Но Экклезиаст не ограничивается этим; как «погоню за ветром» оценивает он и само свое исследование. Этот вывод приводит его сердце к печали и скорби (1:18). Поэтому и сама книга Экклезиаста воспринимается читателем как печальный манифест древнего скептицизма. Однако здесь важно обратить внимание на предпосылки, скрывающиеся за словами Экклезиаста: прежде, чем думать о том, чего Экклезиаст не находит, необходимо понять, что он ищет. Обращаясь к своим безрезультатным поискам смысла, Экклезиаст предполагает, что он должен быть. Именно поэтому отсутствие смысла, тщетность всего наличествующего в мире повергает его в печаль и скорбь. Он ожидает найти хотя бы что-то значимое, но видимый мир ничего подобного не предоставляет ему. Кроме того, существенно, что эта предполагаемая, искомая осмысленность самым тесным образом связана с радостью и весельем человеческого сердца, а также с переживанием прочности бытия.

Тоска, которая охватывает и самого Экклезиаста, и его читателя при виде тщетности всего в мире, знаменует собой бесконечную пустоту в человеческом сердце; она имеет духовную природу и может быть заполнена только Богом. Ничто иное не может ее заполнить, ничто не обладает смыслом и значимостью. Даже религиозный опыт и все усилия благочестивого человека ничего здесь не меняют. Даже исполнение закона и путь праведности, который Экклезиаст по обычаю своего времени и круга называет мудростью, не приносят искомой радости и прочности, ибо все плоды их поглощаются смертью.
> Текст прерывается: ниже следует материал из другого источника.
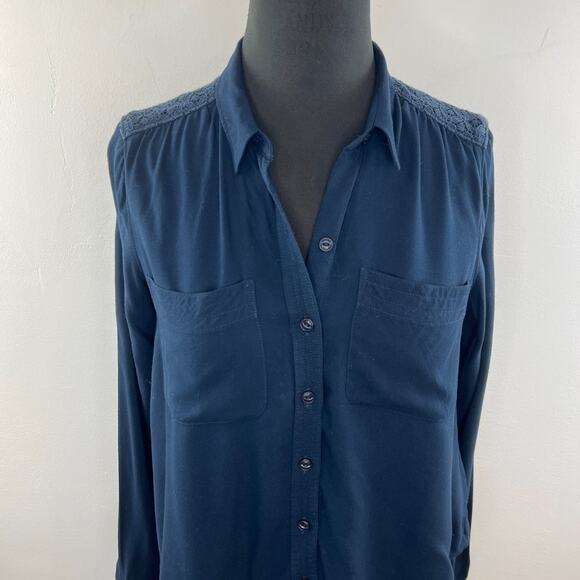SUPERDRY Japan Navy Blue Button Down Lace Back Top Blouse Shirt XS - Picture 2 of 8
Еще одной характерной и важной авторской предпосылкой в книге Экклезиаста является персонализм, нехарактерный для ветхозаветной литературы в целом. Лишь поздние учительные книги, традиционно называемые литературой мудрых Израиля, рассматривают мир и жизнь с точки зрения индивида, платя за это отстранением от мистического опыта более ранних эпох.

Особенно яркими и глубокими выглядят эти позиции Экклезиаста на фоне религиозного индифферентизма эпохи. Экклезиаст отказывается довольствоваться временным благом (tov), его сердце стремится к большему. Он жаждет найти смысл в вечном и недостижимом для человека счастье (ithron). Этому высшему, предельному счастью, не находимому Экклезиастом, ничто не соответствует в том опыте ветхозаветной жизни, который подытоживает его книга. Только одно понятие в Библии можно сопоставить с тем высшим счастьем, которое он ищет, и это – евангельское makariotes, блаженство.
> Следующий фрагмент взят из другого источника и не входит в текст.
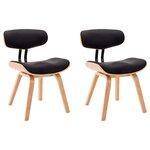 vidaXL Chaises à manger lot de 2 noir bois courbé et similicuir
Строго говоря, невозможно определить, являются ли эти позиции исходными, наперед заданными для Экклезиаста, или же они сформировались как плод его духовного опыта и мудрости. В последнем случае основная мысль автора может быть кратко сформулирована следующим образом: «в человеческой жизни должен быть смысл, радость и благо; человеческая жизнь должна иметь вечное измерение; без этого жить невозможно – но нигде в мире я этого не нашел». Подтверждением этому призваны стать следующие главы книги.